$W$ boson polarization in vector boson scattering at the LHC

TL;DR

This paper proposes a gauge-invariant method to define and analyze the polarization states of W bosons in vector boson scattering at the LHC, addressing conceptual and practical challenges in measuring polarization fractions.

Contribution

It introduces a new approach to define polarized W boson cross sections by dropping non-resonant diagrams and projecting on-shell, enabling polarization measurement in realistic LHC conditions.

Findings

The sum of polarized distributions reproduces full results.

Ratios of polarized to full cross sections match Legendre polynomial projections without cuts.

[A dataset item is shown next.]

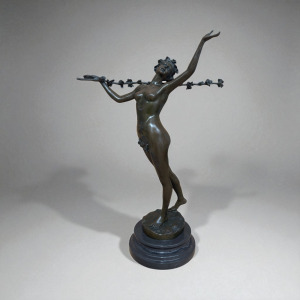 Bronze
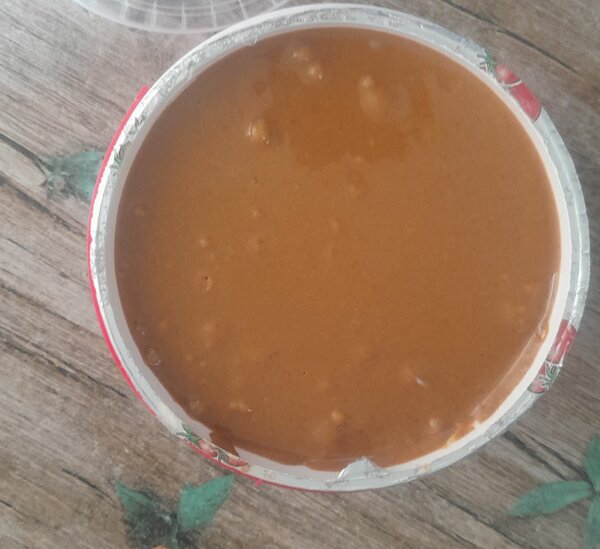 Pâte d'arachide de Katiola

Angular distribution shapes can be used to extract polarization fractions with selection cuts.

Abstract

Measuring the scattering of longitudinally-polarized vector bosons represents a fundamental test of ElectroWeak Symmetry Breaking. In addition to the challenges provided by low rates and large backgrounds, there are conceptual issues which need to be clarified for the definition of a suitable signal. Since vector bosons are unstable and can only be observed through their decay products, the polarization states interfere among themselves. Moreover, already at tree level, there are diagrams which cannot be interpreted as production times decay of EW bosons but are necessary for gauge invariance. We discuss a possible way to define a cross section for polarized $W$'s, dropping all non resonant diagrams, and projecting on shell the resonant ones, thus, preserving gauge invariance. In most cases, the sum of polarized distributions reproduces the full results. In the absence of cuts, the ratios of the polarized cross sections to the full one agree with the results of a standard projection on Legendre polynomials. While the latter cannot be employed in a realistic environment, a comparison of the data with the shapes of the angular distributions for polarized vector bosons allows the extraction of the polarization fractions in the presence of selection cuts on the charged leptons.